### Data in this exercise

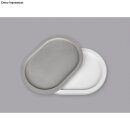 PET Gießform Dekoplatte Oval, 24,5x18x2cm, Rand 1,3cm breit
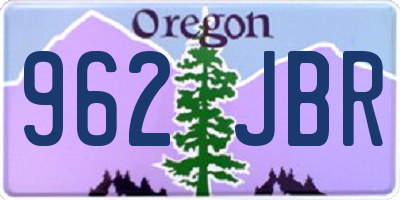 OR license plate 962JBR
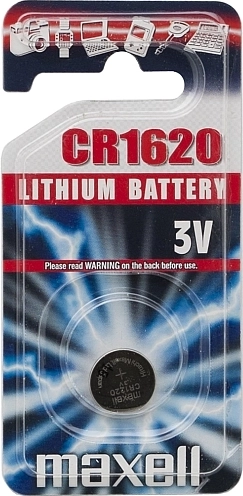 Maxell CR1620 3-V-Lithium-Knopfzelle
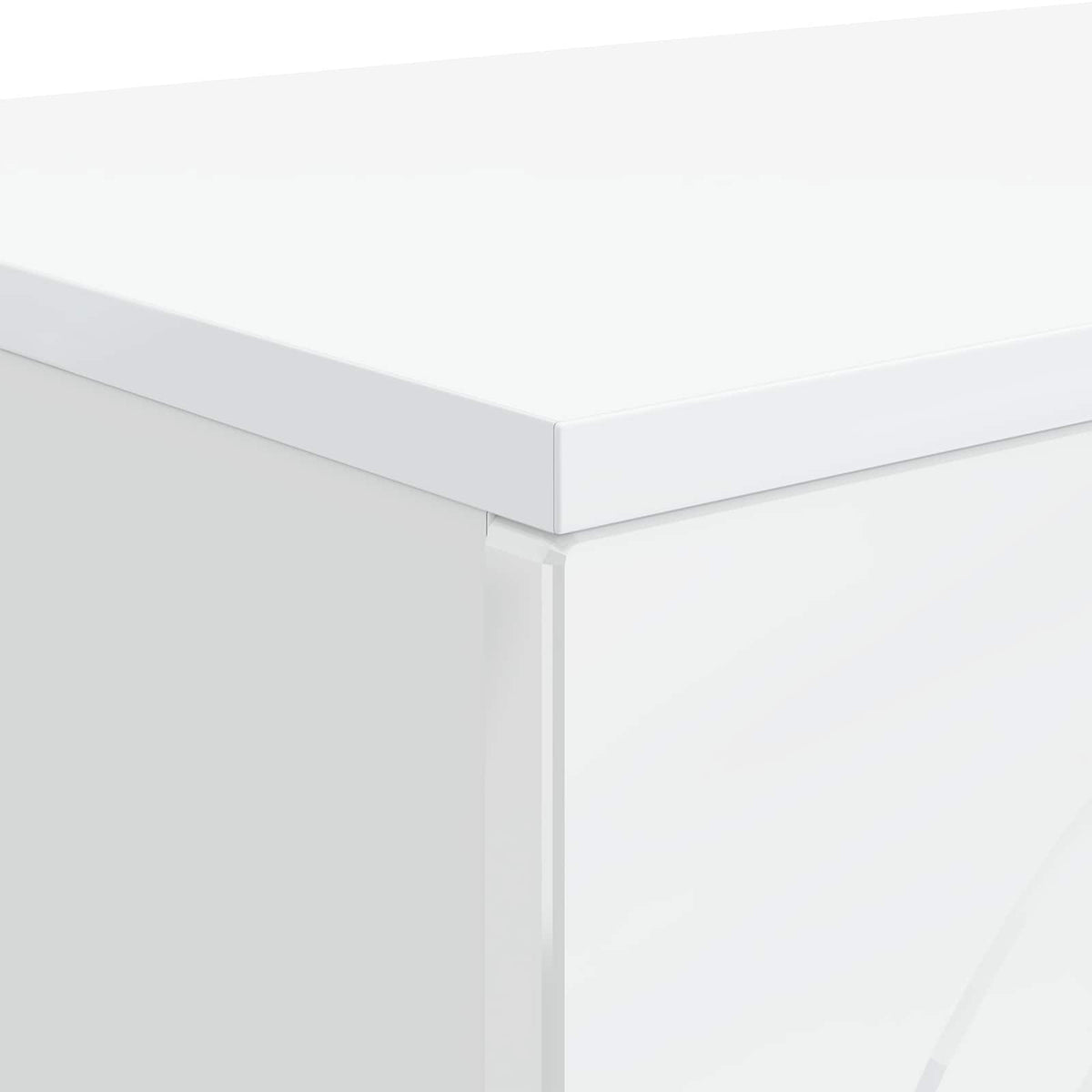 Couchtisch Hochglanz Weiß 102 x 35 x 75 cm Holzwerkstoff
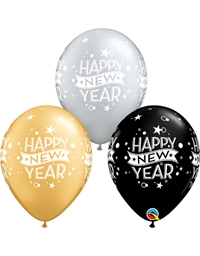 Μπαλόνια Large "New Year" Qualatex (25 τεμάχια)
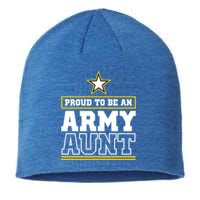 Proud Army Aunt Funny Gift Proud To Be An Army Aunt Sustainable Beanie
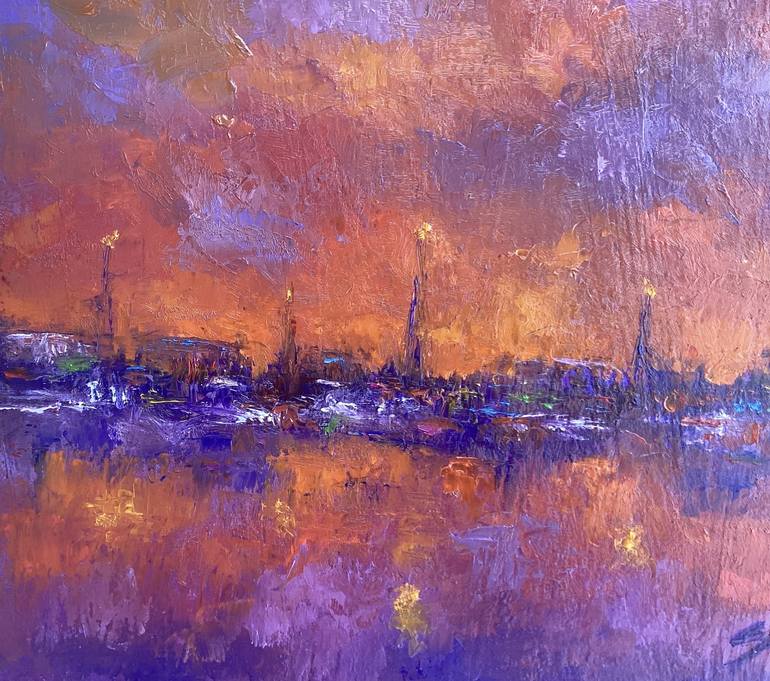 Original Impressionism Landscape Painting by Sonia Cifuentes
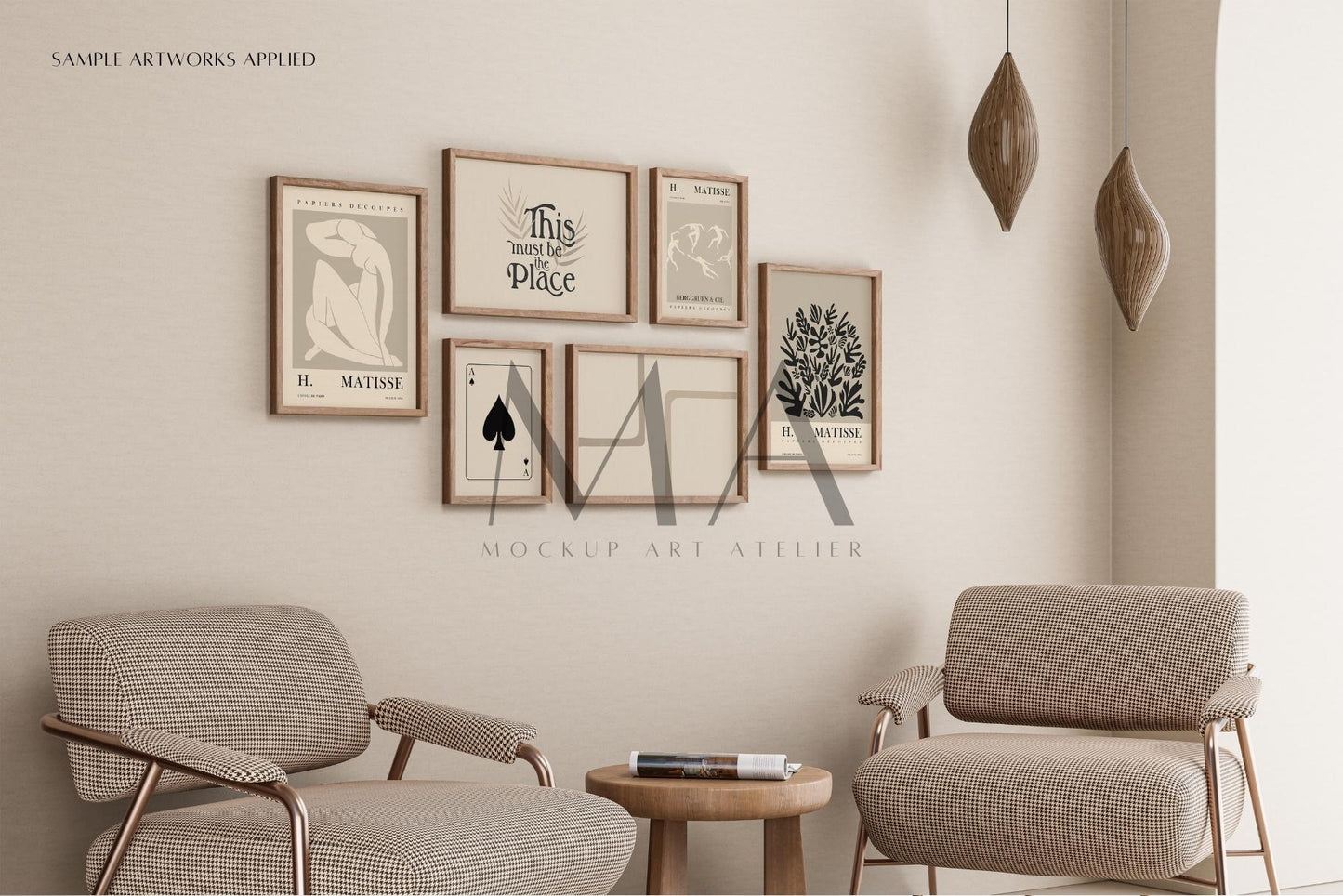 24 Vintage Interior Frame Mockup, Wall Art Frame Mockup Bundle, V.13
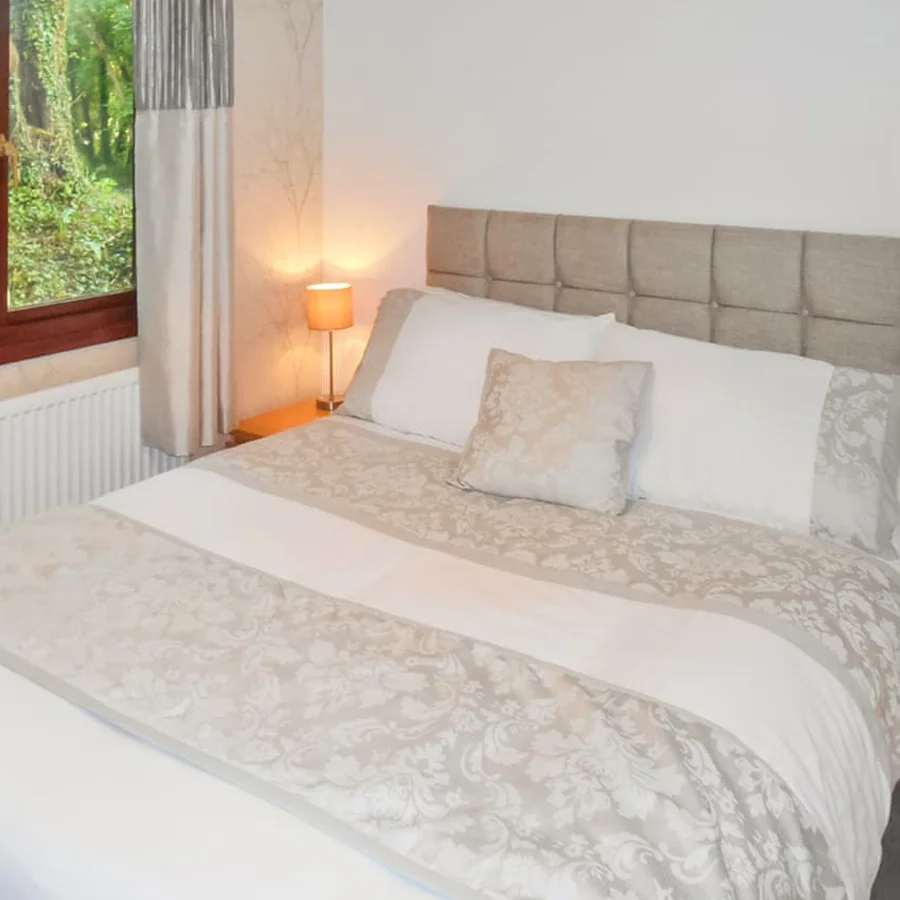 Interior of a lodge at Herons Lake Retreat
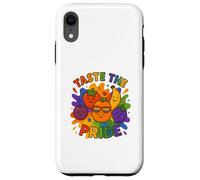 LGBTQ Pride Shirt Taste The Pride Frutiy Rainbow Flag Custodia per iPhone XR
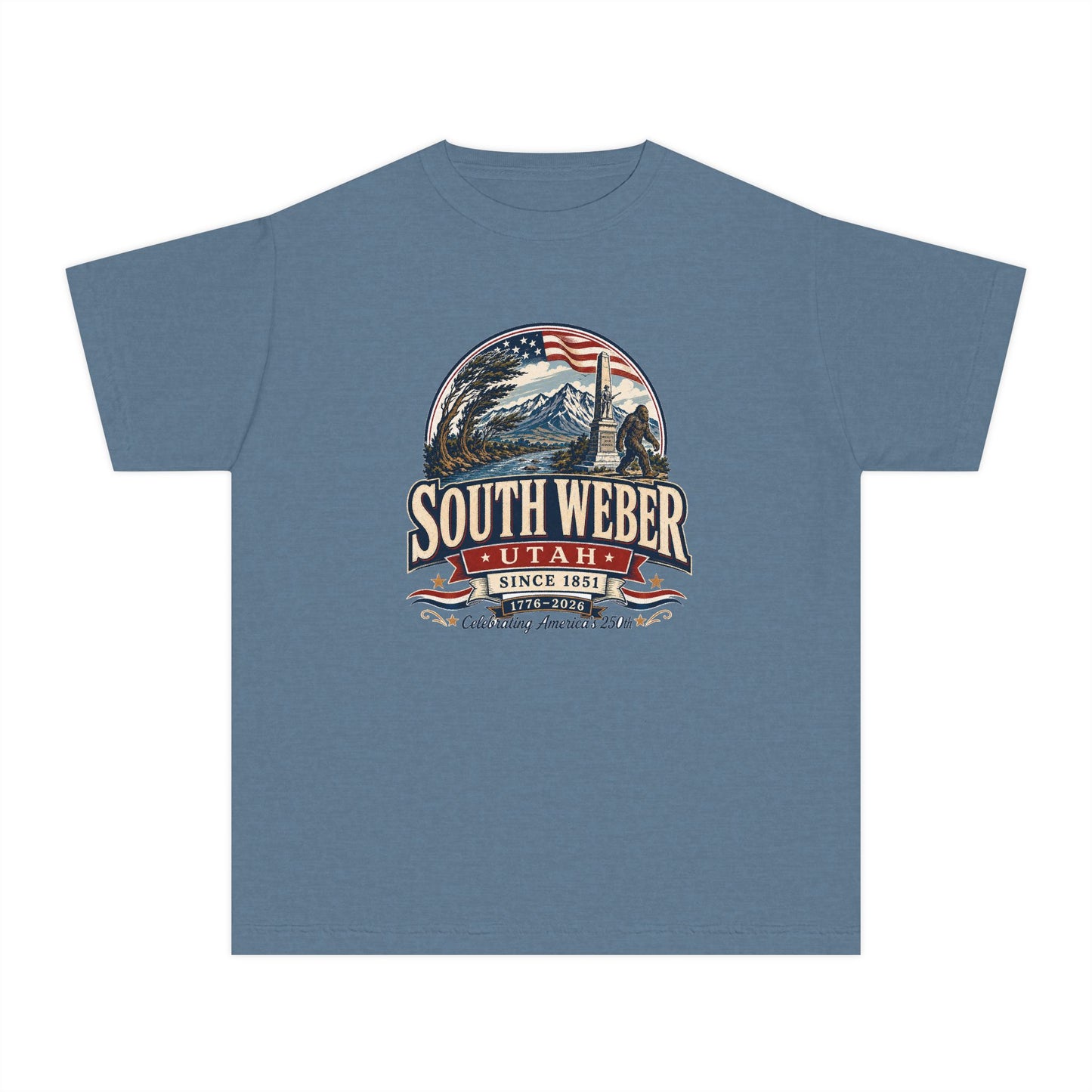 South Weber City Spirit Tee · Youth · Celebrating America's 250th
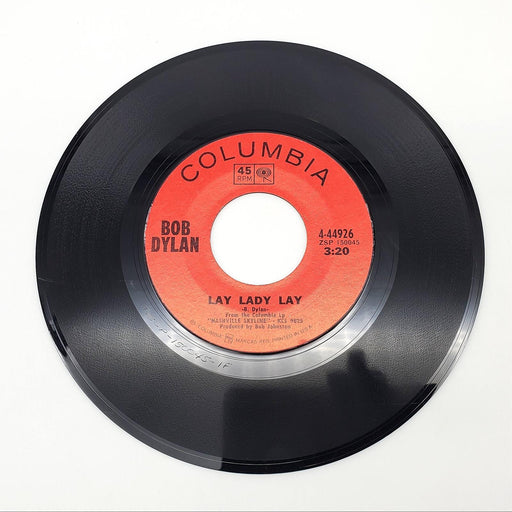 Bob Dylan Lay Lady Lay Single Record Columbia 1969 4-44926 1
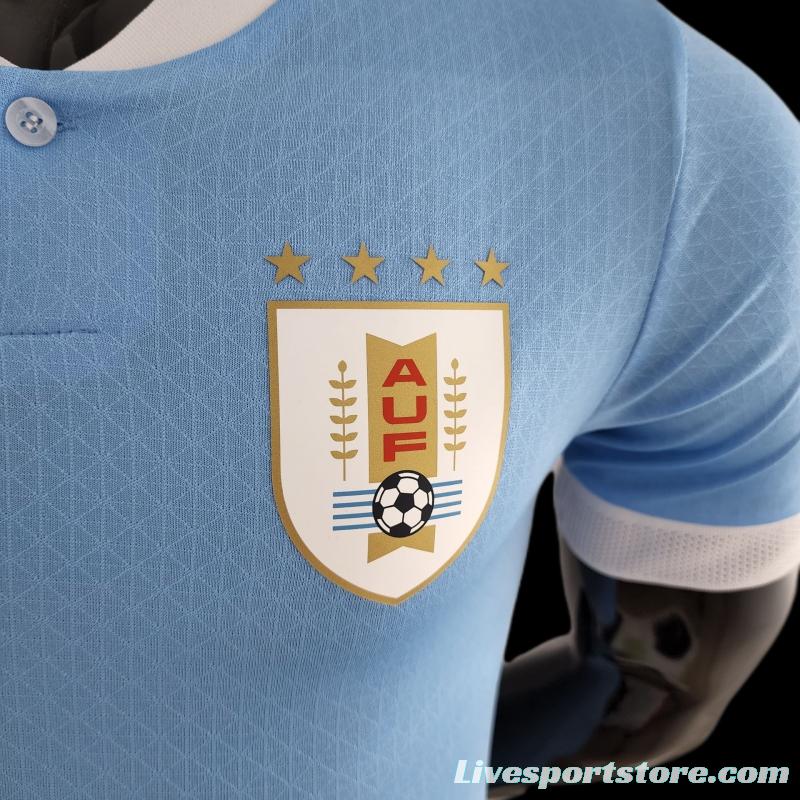 Player Version 2022 Uruguay Home Soccer Jersey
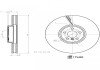 Диск гальмівний (передній правий) BMW 5 (G30/G31)/7 (G11/12)/ X5 (G05) 16- febі Bilstein 175490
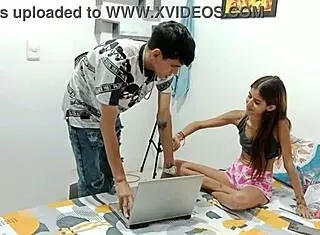 Hey hermanastra, why risk sitting on that big cock after cumming? Keep going?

######

Task instructions:
What you write should match, word for word, the lines from the one containing "Maxell CR1620 3-V-Lithium-Knopfzelle" to the end of the listing, with both ends kept and the pictures left out.

Answer section:
 Maxell CR1620 3-V-Lithium-Knopfzelle
 Couchtisch Hochglanz Weiß 102 x 35 x 75 cm Holzwerkstoff
 Μπαλόνια Large "New Year" Qualatex (25 τεμάχια)
 Proud Army Aunt Funny Gift Proud To Be An Army Aunt Sustainable Beanie
 Original Impressionism Landscape Painting by Sonia Cifuentes
 24 Vintage Interior Frame Mockup, Wall Art Frame Mockup Bundle, V.13
 Interior of a lodge at Herons Lake Retreat
 LGBTQ Pride Shirt Taste The Pride Frutiy Rainbow Flag Custodia per iPhone XR
 South Weber City Spirit Tee · Youth · Celebrating America's 250th
 Bob Dylan Lay Lady Lay Single Record Columbia 1969 4-44926 1
 Player Version 2022 Uruguay Home Soccer Jersey
 Диск гальмівний (передній правий) BMW 5 (G30/G31)/7 (G11/12)/ X5 (G05) 16- febі Bilstein 175490
 Hey hermanastra, why risk sitting on that big cock after cumming? Keep going?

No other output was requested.